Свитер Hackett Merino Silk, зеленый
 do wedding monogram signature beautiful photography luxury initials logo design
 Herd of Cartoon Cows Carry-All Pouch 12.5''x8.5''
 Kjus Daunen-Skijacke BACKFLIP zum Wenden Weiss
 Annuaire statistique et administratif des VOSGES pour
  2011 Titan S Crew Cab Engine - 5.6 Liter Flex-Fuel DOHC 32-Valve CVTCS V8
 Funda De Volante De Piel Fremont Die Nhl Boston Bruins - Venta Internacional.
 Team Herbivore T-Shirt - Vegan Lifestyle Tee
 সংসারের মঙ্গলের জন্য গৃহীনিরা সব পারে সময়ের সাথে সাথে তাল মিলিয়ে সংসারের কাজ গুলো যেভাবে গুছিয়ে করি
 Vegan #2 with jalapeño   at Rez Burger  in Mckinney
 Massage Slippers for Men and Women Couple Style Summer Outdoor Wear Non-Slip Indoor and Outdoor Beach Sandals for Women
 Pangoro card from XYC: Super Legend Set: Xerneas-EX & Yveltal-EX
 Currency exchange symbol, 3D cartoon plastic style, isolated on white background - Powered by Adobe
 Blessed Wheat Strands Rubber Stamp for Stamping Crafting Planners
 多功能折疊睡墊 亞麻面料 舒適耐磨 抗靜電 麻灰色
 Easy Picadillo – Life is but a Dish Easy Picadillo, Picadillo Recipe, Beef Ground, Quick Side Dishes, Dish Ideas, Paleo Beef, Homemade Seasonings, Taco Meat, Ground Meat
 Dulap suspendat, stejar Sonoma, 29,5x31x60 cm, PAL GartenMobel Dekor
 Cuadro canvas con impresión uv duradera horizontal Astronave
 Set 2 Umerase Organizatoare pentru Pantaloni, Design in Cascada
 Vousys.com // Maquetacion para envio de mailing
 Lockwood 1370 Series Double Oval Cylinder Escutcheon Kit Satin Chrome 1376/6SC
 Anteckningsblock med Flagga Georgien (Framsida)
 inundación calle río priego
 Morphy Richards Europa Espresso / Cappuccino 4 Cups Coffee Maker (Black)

### Task objective
Give back the whole listing exactly as it reads.

### Task response
Свитер Hackett Merino Silk, зеленый
 do wedding monogram signature beautiful photography luxury initials logo design
 Herd of Cartoon Cows Carry-All Pouch 12.5''x8.5''
 Kjus Daunen-Skijacke BACKFLIP zum Wenden Weiss
 Annuaire statistique et administratif des VOSGES pour
  2011 Titan S Crew Cab Engine - 5.6 Liter Flex-Fuel DOHC 32-Valve CVTCS V8
 Funda De Volante De Piel Fremont Die Nhl Boston Bruins - Venta Internacional.
 Team Herbivore T-Shirt - Vegan Lifestyle Tee
 সংসারের মঙ্গলের জন্য গৃহীনিরা সব পারে সময়ের সাথে সাথে তাল মিলিয়ে সংসারের কাজ গুলো যেভাবে গুছিয়ে করি
 Vegan #2 with jalapeño   at Rez Burger  in Mckinney
 Massage Slippers for Men and Women Couple Style Summer Outdoor Wear Non-Slip Indoor and Outdoor Beach Sandals for Women
 Pangoro card from XYC: Super Legend Set: Xerneas-EX & Yveltal-EX
 Currency exchange symbol, 3D cartoon plastic style, isolated on white background - Powered by Adobe
 Blessed Wheat Strands Rubber Stamp for Stamping Crafting Planners
 多功能折疊睡墊 亞麻面料 舒適耐磨 抗靜電 麻灰色
 Easy Picadillo – Life is but a Dish Easy Picadillo, Picadillo Recipe, Beef Ground, Quick Side Dishes, Dish Ideas, Paleo Beef, Homemade Seasonings, Taco Meat, Ground Meat
 Dulap suspendat, stejar Sonoma, 29,5x31x60 cm, PAL GartenMobel Dekor
 Cuadro canvas con impresión uv duradera horizontal Astronave
 Set 2 Umerase Organizatoare pentru Pantaloni, Design in Cascada
 Vousys.com // Maquetacion para envio de mailing
 Lockwood 1370 Series Double Oval Cylinder Escutcheon Kit Satin Chrome 1376/6SC
 Anteckningsblock med Flagga Georgien (Framsida)
 inundación calle río priego
 Morphy Richards Europa Espresso / Cappuccino 4 Cups Coffee Maker (Black)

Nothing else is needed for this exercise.